_Information provided_
..........

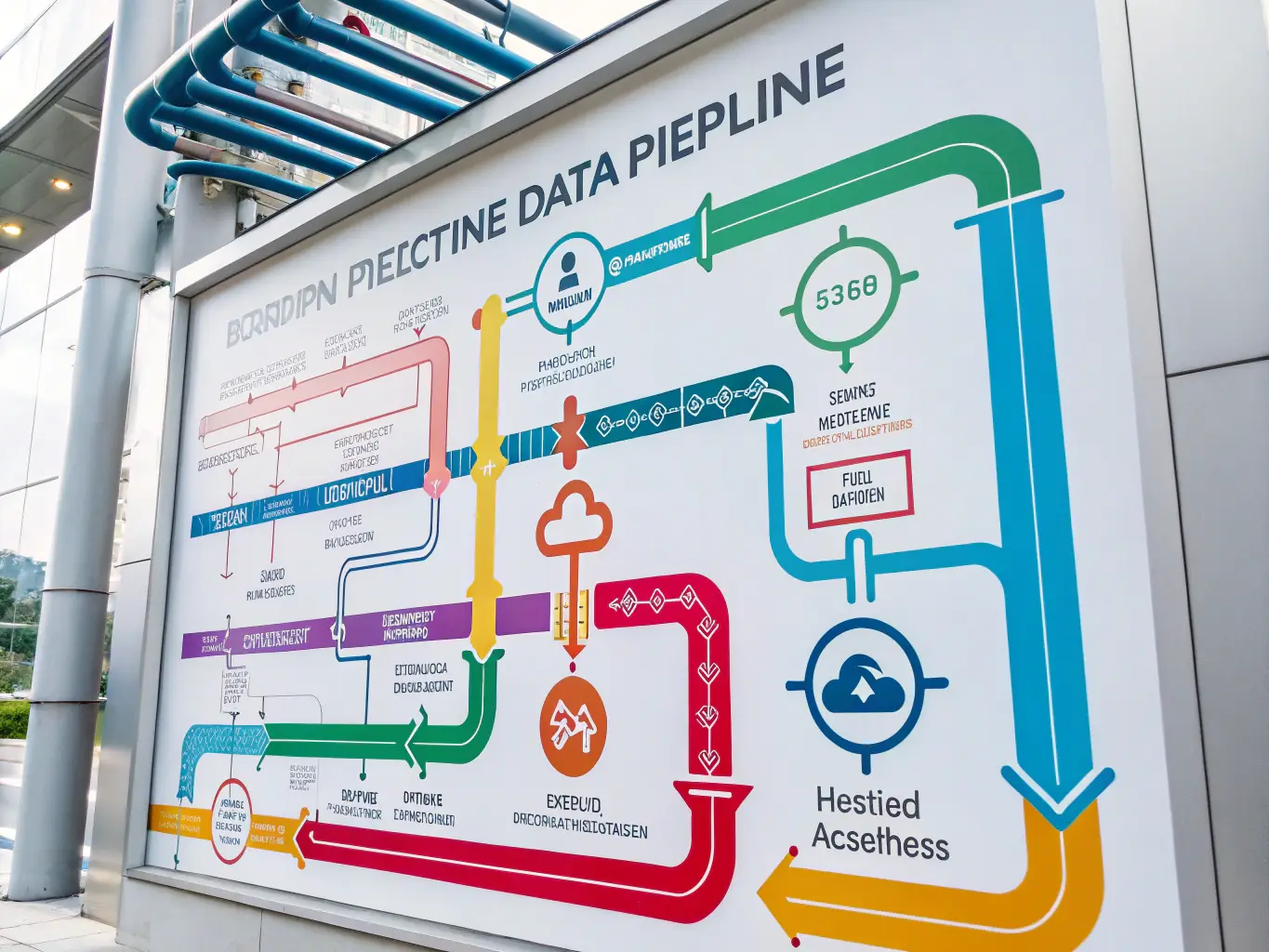 An image of a data pipeline architecture, illustrating the flow of data from various sources to a central repository, representing the core concepts of the Data Engineering program.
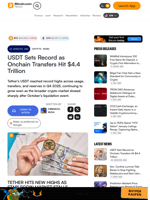 USDT Sets Record as Onchain Transfers Hit $4.4 Trillion – Bitcoin News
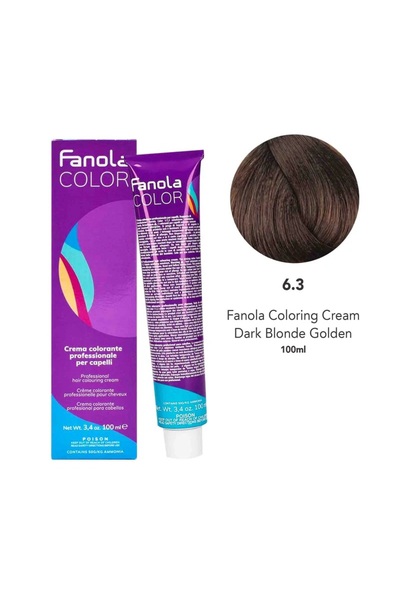 Fanola Hair Coloring Cream 6.3 Dark Golden Blonde 100ml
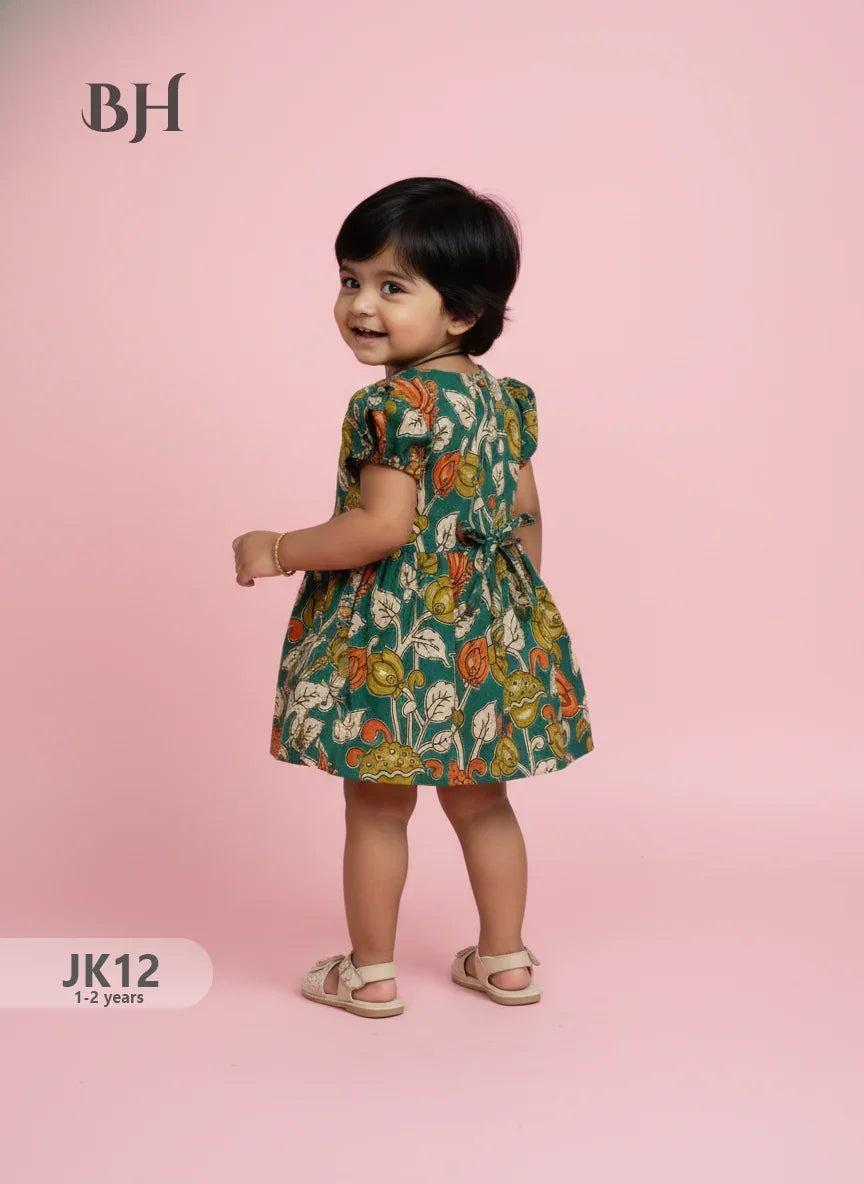 Green Cotton Printed Baby Frocks – Latest Kids Wear Collection | Bhavana Handlooms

..........

_Exercise_
Write out an exact copy of the listing, first line through the line containing "Fanola Hair Coloring", with the pictures left out.

_Your response_
 An image of a data pipeline architecture, illustrating the flow of data from various sources to a central repository, representing the core concepts of the Data Engineering program.
 USDT Sets Record as Onchain Transfers Hit $4.4 Trillion – Bitcoin News
 Fanola Hair Coloring Cream 6.3 Dark Golden Blonde 100ml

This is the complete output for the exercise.